Supplied data START
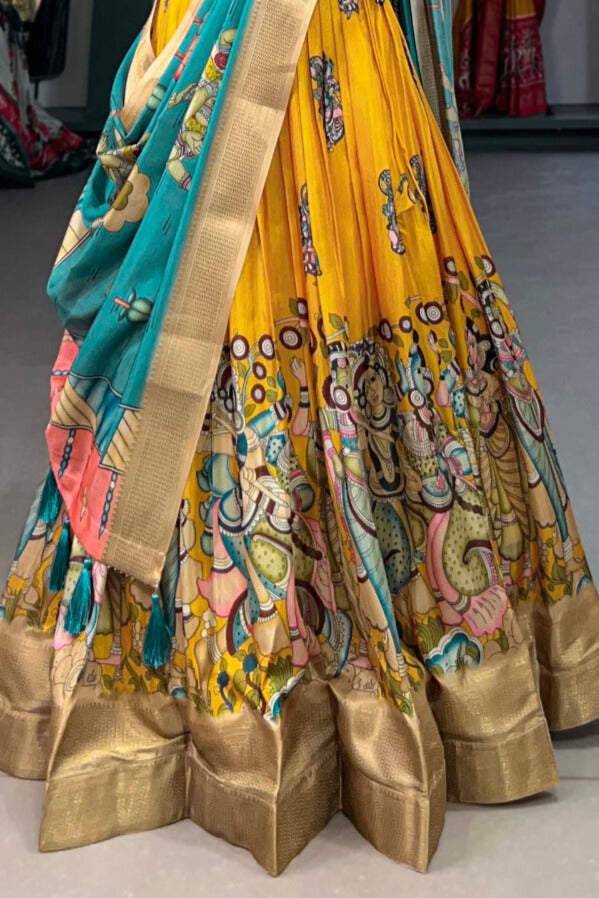 Dola Silk Kalamkari Print With Weaving Border Lehenga Choli in Yellow Color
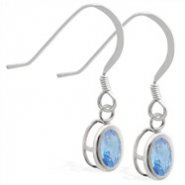 Sterling Silver Earrings with Bezel Set Blue Zircon Oval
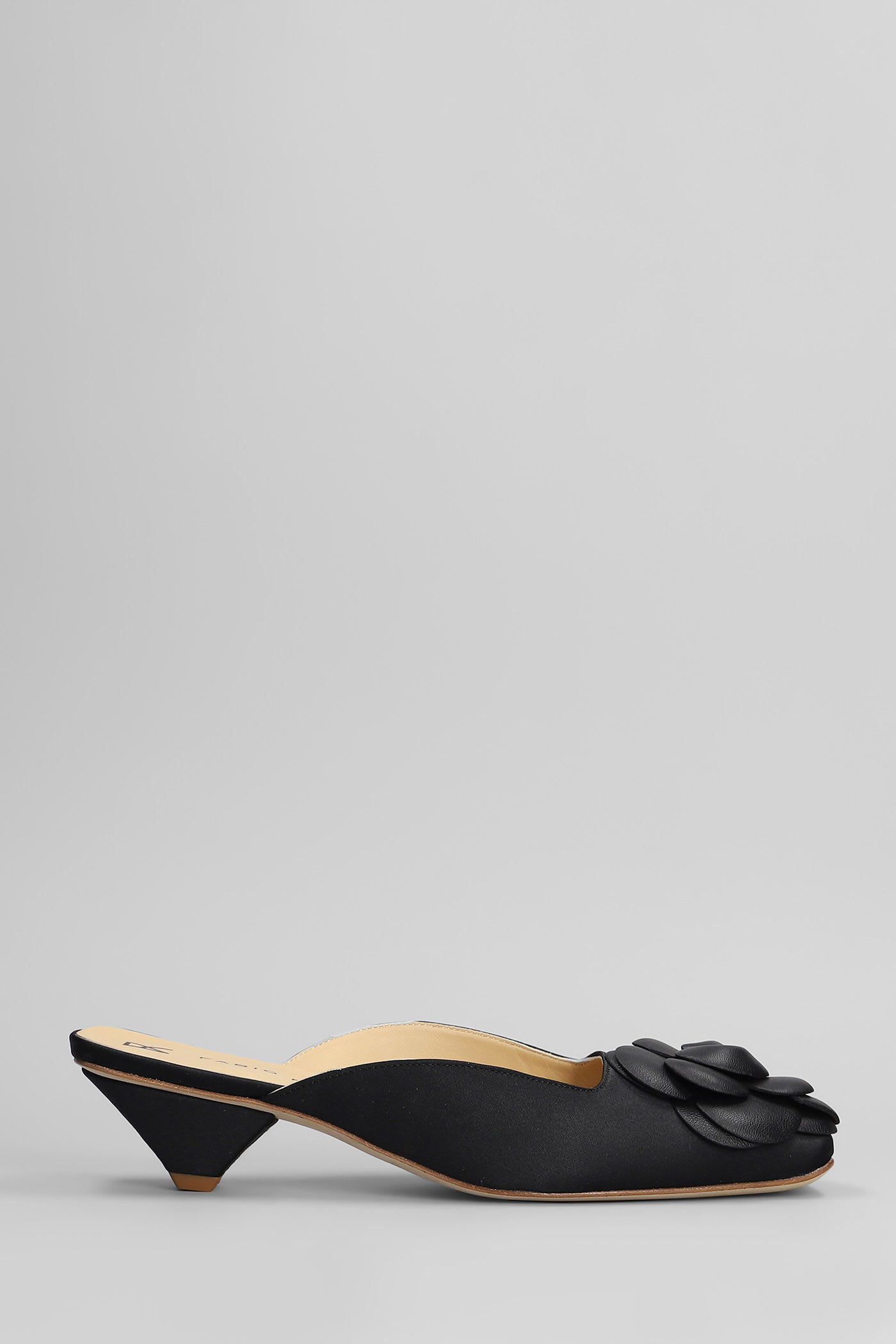 Slipper-mule In Black Satin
Supplied data END
Work to be completed: All of the material above is to be copied exactly, except for its images.

Exercise answer:
 Dola Silk Kalamkari Print With Weaving Border Lehenga Choli in Yellow Color
 Sterling Silver Earrings with Bezel Set Blue Zircon Oval
 Slipper-mule In Black Satin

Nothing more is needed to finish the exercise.